Junk bonds, subprime and the pepper crises: Investor behavior follows pattern
In his classic book on economic history, Charles Kindleberger argued that asset bubbles follow a predictable pattern. A new opportunity or technology sparks investor euphoria. Asset prices quickly rise to an unsustainable level. Then suddenly, people stop buying, and panic ensues. The more people who leave, the faster values plummet. So it is with real estate and subprime mortgages today, and so it was with junk bonds a generation ago.
In his classic work of economic history, "Manias, Panics and Crashes," Charles Kindleberger argued that asset bubbles follow a predictable pattern. A new opportunity or technology sparks investor euphoria. Asset prices quickly rise to an unsustainable level. Then suddenly, people stop buying, and panic ensues. The more people who leave, the faster values plummet.
So it is with real estate and subprime mortgages today, and so it was with junk bonds a generation ago. Real estate prices, of course, have fallen around the country, and some subprime borrowers have defaulted on their loans. That combination has led to financial pain on Wall Street and Main Street. Junk bonds — corporate bonds rated as non-investment grade by Moody's and Standard & Poor's — followed a similar trajectory in the 1980s and early 1990s.
First, they soared in popularity, feeding a binge for corporate buyouts. Then they sank, saddling some borrowers — the companies that issued the bonds — with debts that they couldn't afford and some investors, with shrunken portfolios. Excessive issuance and lack of attention to risk evaluation in both subprime mortgages and junk bonds ended up causing serious financial troubles.
Lately, mortgage-backed securities (bonds created from pools of mortgages) and derivatives have contributed to the woes of such big banks as Citigroup and Bank of America. Junk bonds likewise dragged down some savings and loans in the 1980s. The S&L crisis, during which hundreds of S&Ls failed because of a combination of bad investments, ill-conceived regulations and a changing economy, and the subsequent federal bailout cost taxpayers about $150 billion.
Making good money from junk
Yesteryear's junk-bond woes may provide lessons for today's subprime troubles. But to understand how you have to know a little history. One man is largely responsible for modern junk bonds. His name is Michael Milken, and he popularized the bonds in the 1980s while working at an investment bank named Drexel Burnham Lambert. Before Milken junk bonds weren't common. Back then, a company would stumble into trouble, and ratings agencies would downgrade its debt.
"They were the bonds of companies like Penn Central Railroad, which had once been Triple A-rated but fell onto hard times," says James F. Smith, an economist with ParSec Financial in Asheville, N.C. Milken realized that investors could make good money with junk.
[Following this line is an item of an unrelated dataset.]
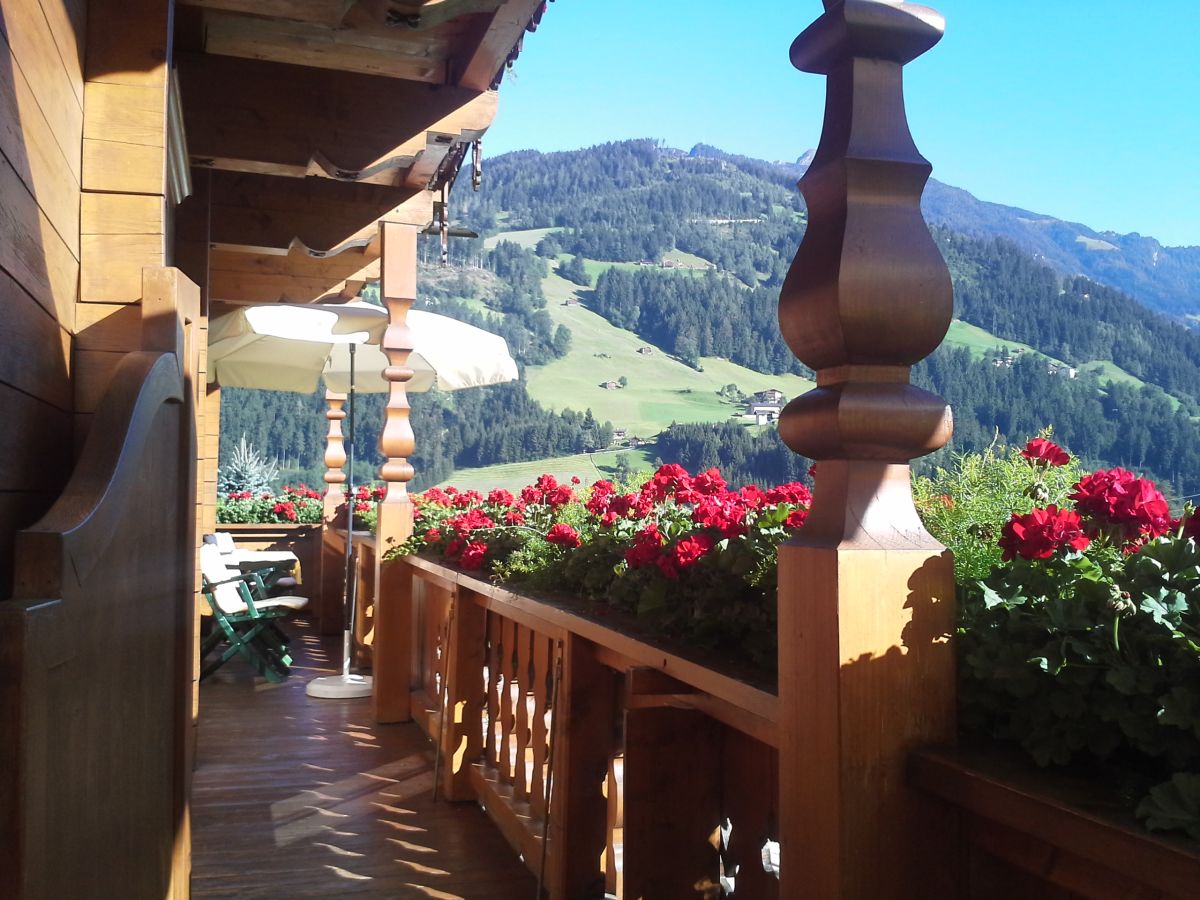 Holiday apartment Apartment "Alpenrose" - Outdoor photo 4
Because of their greater risk, the bonds provided higher yields to investors. Sure, the company behind a particular junk bond was more likely than the average to end up bankrupt.
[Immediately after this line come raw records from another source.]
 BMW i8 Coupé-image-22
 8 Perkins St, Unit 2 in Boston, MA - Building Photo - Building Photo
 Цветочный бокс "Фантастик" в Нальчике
But Milken noticed that, if an investor assembled a diversified portfolio of junk bonds, he could reduce his risk — and still enjoy the higher return, compared with investment-grade bonds. Milken and his sales force at Drexel talked up these benefits to investors, and Drexel soon became a leading underwriter of junk bonds, helping companies secure financing by issuing the securities.Thanks to Milken, a legion of small and medium-sized firms, many of them previously shut out of Wall Street, sold junk bonds, and eager investors scooped them up. "That brought credit to a whole new set of companies," says Robert Mittelstaedt, dean of the W. P. Carey School.
"Subprime mortgages have done the same thing — they've brought credit to a bunch of people who couldn't get credit before." Where Milken financed companies, subprime mortgages have enabled folks with impaired credit or other financial blemishes to buy homes. Some of these people have lately defaulted on their loans, but plenty more continue to make their payments on time.
Some of the shaky corporate upstarts that Milken backed eventually matured into well-known firms, Dean Mittelstaedt points out. His clients included long-distance operators like MCI, cable-TV providers like Turner Broadcasting and casino developers like Steve Wynn, creator of The Mirage, Treasure Island and The Bellagio in Las Vegas. Milken also backed corporate raiders — that is, investors who used his bonds to finance hostile takeovers.
"Harley Davison is a junk-bond success story," says finance Professor L. Wendell Licon. "It's hard to imagine now, but Harley was on its last legs then. It got a reorganization plan and needed financing and had to issue junk bonds. The plan worked, and that's one of the main reasons that Harley's around today."
From junk yard to jail yard
Milken was eventually ensnared in a federal investigation of insider trading and other financial crimes. In 1990, he pleaded guilty to another offense and agreed to pay $200 million in fines. He served about two years in prison. The junk bond market's fortunes followed those of its creator.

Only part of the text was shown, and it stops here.